Washington: A tuberculosis (TB) shot developed by researchers has proved both potent and safe in animal studies.
TB kills an estimated 1.7 million people every year globally, according to the World Health Organisation (WHO). It estimates that nearly 20 lakh people in India develop tuberculosis each year, of which 8.7 lakh are infectious cases.
"Producing effective TB vaccines requires a better understanding of mechanisms used by M tuberculosis (the bug that causes TB) to evade our body`s immune responses," said William Jacobs.
Jacobs, professor of microbiology & immunology at Einstein College of Medicine, said the currently used Bacille Calmette-Guerin (BCG) vaccine has been notoriously inconsistent in protecting against TB.
To figure out how M. tuberculosis hoodwinks our immune system, Jacobs and colleagues worked with a sister species, M. smegmatis -- lethal to mice at high doses but does not harm people, the journal Nature Medicine reports.

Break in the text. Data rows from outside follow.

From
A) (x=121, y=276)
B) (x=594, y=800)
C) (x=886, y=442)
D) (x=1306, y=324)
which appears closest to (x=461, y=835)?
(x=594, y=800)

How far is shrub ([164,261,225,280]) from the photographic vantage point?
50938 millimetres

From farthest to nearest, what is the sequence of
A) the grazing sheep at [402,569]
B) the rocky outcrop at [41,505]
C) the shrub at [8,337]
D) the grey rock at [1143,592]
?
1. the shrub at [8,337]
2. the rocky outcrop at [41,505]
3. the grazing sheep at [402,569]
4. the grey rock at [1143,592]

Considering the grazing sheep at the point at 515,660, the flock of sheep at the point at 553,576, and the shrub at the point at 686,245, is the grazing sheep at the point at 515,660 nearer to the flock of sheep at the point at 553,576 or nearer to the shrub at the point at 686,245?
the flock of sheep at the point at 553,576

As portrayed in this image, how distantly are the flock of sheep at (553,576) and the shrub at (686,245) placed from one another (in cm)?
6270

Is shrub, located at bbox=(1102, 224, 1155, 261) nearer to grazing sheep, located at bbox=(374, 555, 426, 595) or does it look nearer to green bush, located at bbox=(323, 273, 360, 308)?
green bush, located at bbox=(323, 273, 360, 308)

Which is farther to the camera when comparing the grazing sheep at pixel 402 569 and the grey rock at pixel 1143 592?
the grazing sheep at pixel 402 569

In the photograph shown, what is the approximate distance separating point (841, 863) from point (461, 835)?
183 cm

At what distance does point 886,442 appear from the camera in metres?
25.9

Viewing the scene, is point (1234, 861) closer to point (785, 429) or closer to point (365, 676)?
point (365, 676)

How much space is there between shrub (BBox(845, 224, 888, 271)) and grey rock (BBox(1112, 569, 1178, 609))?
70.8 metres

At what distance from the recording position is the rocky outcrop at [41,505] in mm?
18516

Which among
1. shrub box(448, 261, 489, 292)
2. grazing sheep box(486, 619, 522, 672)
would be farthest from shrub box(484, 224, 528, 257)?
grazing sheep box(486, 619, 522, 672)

Researchers modified M. smegmatis through ESX-3 genes, which helps TB bugs outwit the immune system, according to an Einstein statement.
When high doses of the modified M smegmatis bug were infused into mice, they cleared the infection - eliciting the same response as a successful TB vaccine. But M. tuberculosis could not be manipulated in this way to make a vaccine.
Jacobs and colleagues found a way around this stumbling block. They took the modified M. smegmatis bug and inserted the similar set of ESX-3 genes from M tuberculosis.
These M. smegmatis bacteria were then infused into mice, which once again fought off the infection.
And eight weeks later, when the mice were challenged with high doses of M. tuberculosis-which kills mice as well as people-these "vaccinated" mice lived much longer than control mice: an average survival time of 135 days vs. 54 days.
"Most notably," said Jacobs, "those vaccinated animals that survived for more than 200 days had livers that were completely clear of TB bacteria, and nobody has ever seen that before."